▶ [Exercise goal] Would you reproduce the whole listing exactly, dropping any pictures it holds?

▶ [Dataset excerpt]
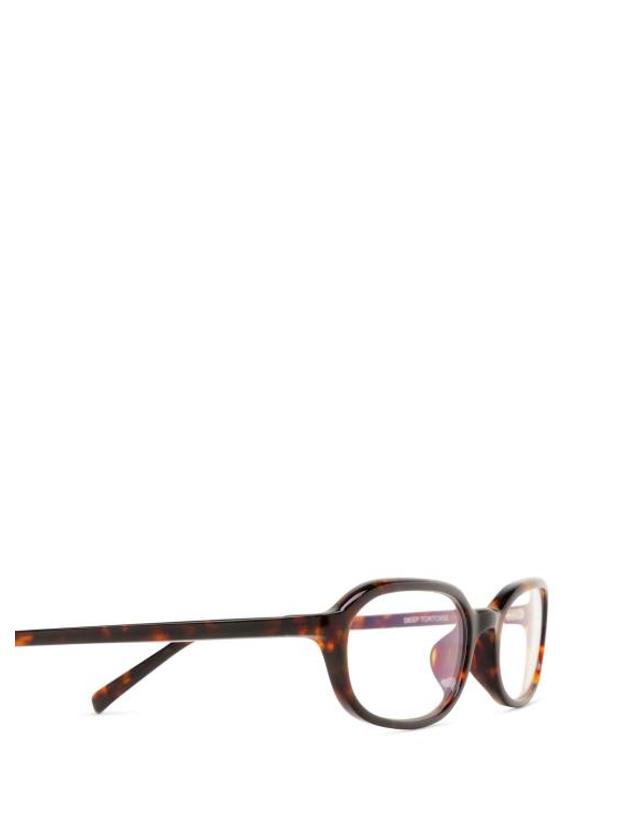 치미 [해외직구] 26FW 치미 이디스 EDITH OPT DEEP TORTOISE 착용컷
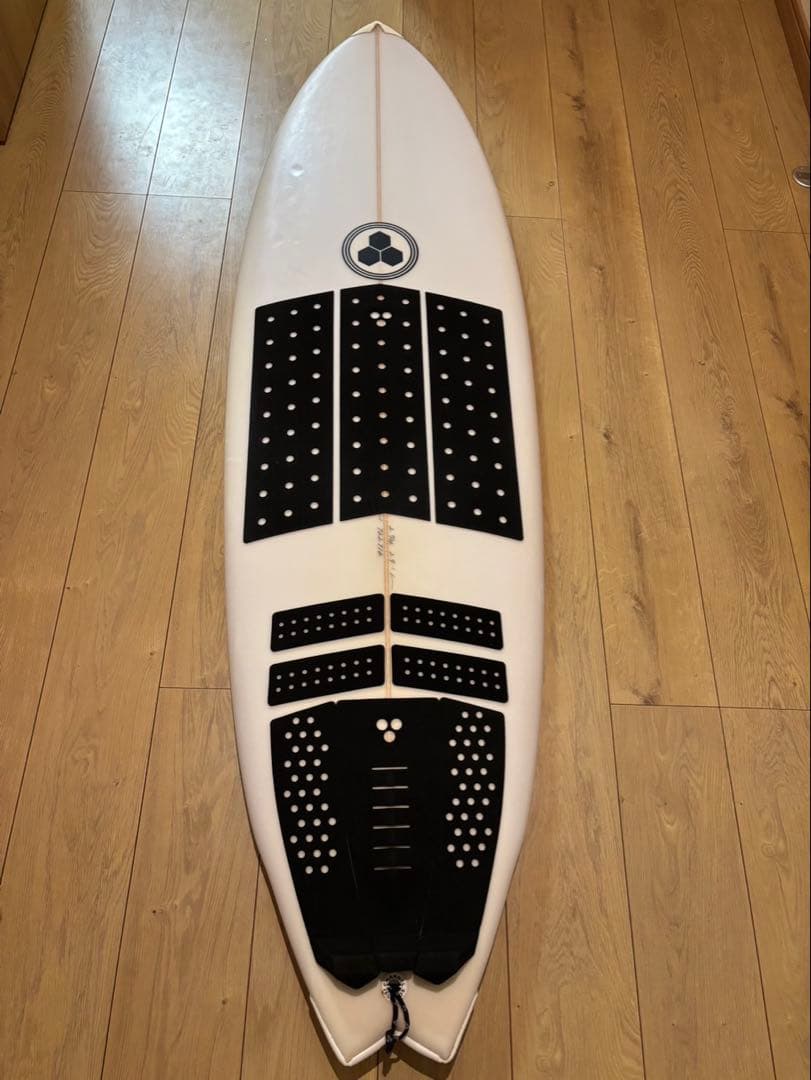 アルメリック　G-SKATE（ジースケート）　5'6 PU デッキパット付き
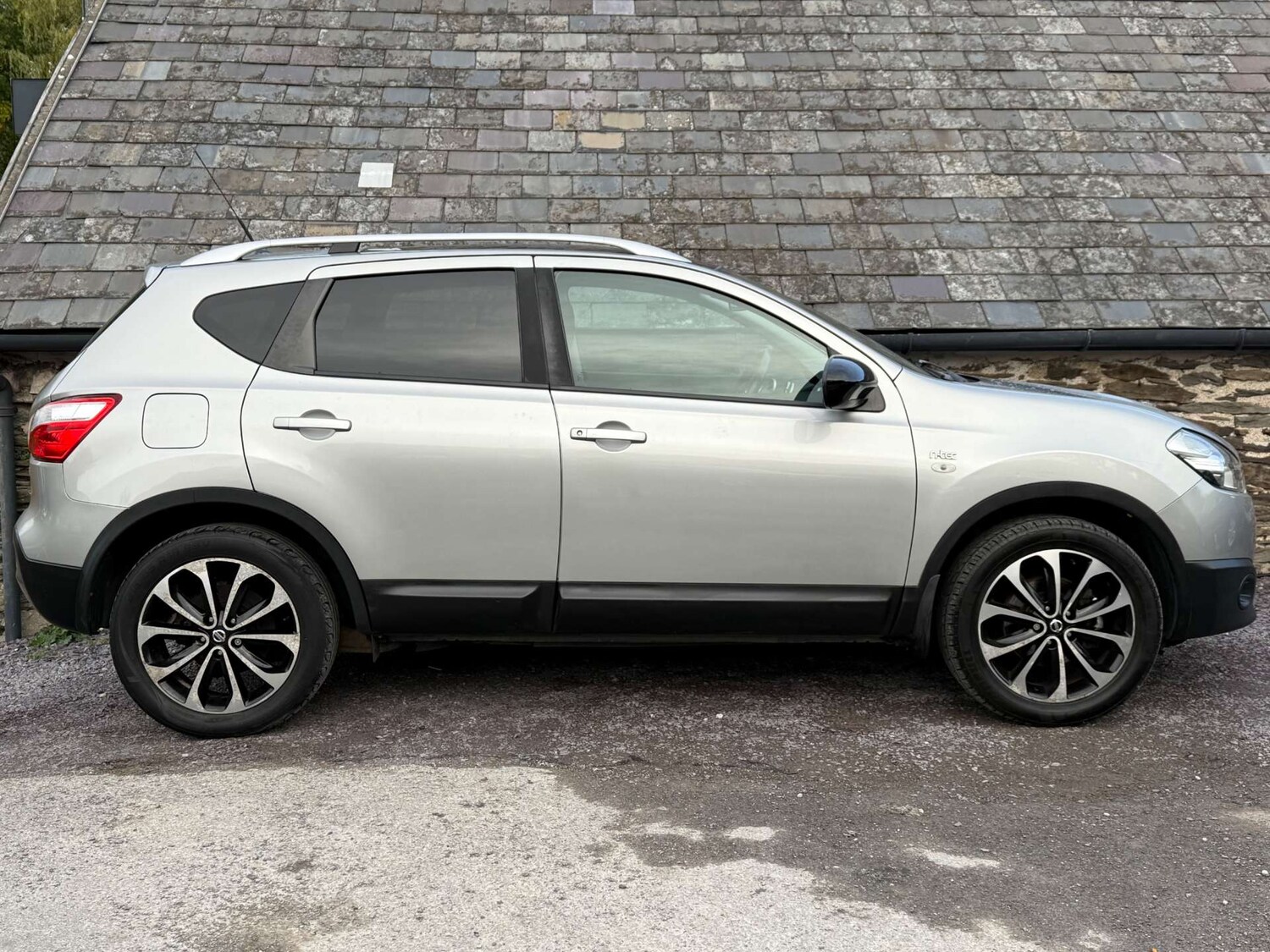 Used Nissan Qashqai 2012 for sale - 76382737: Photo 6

▶ [Answer to the problem]
 치미 [해외직구] 26FW 치미 이디스 EDITH OPT DEEP TORTOISE 착용컷
 アルメリック　G-SKATE（ジースケート）　5'6 PU デッキパット付き
 Used Nissan Qashqai 2012 for sale - 76382737: Photo 6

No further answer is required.